The problem:
Using the listing below, copy exactly the lines from the one containing "인천경제청, 주민 소통… 솔찬공원 등 6곳·18건 정비" to the one containing "Volkswagen / T-Roc", both lines included, and no others.

Exercise data:
——

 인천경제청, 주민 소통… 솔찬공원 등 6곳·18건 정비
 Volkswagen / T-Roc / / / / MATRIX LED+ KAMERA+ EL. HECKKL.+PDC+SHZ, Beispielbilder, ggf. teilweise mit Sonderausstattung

——

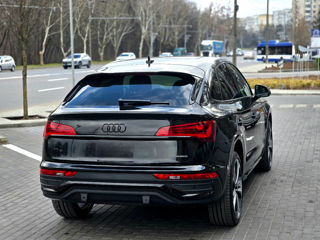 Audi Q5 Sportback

——

Expected output:
 인천경제청, 주민 소통… 솔찬공원 등 6곳·18건 정비
 Volkswagen / T-Roc / / / / MATRIX LED+ KAMERA+ EL. HECKKL.+PDC+SHZ, Beispielbilder, ggf. teilweise mit Sonderausstattung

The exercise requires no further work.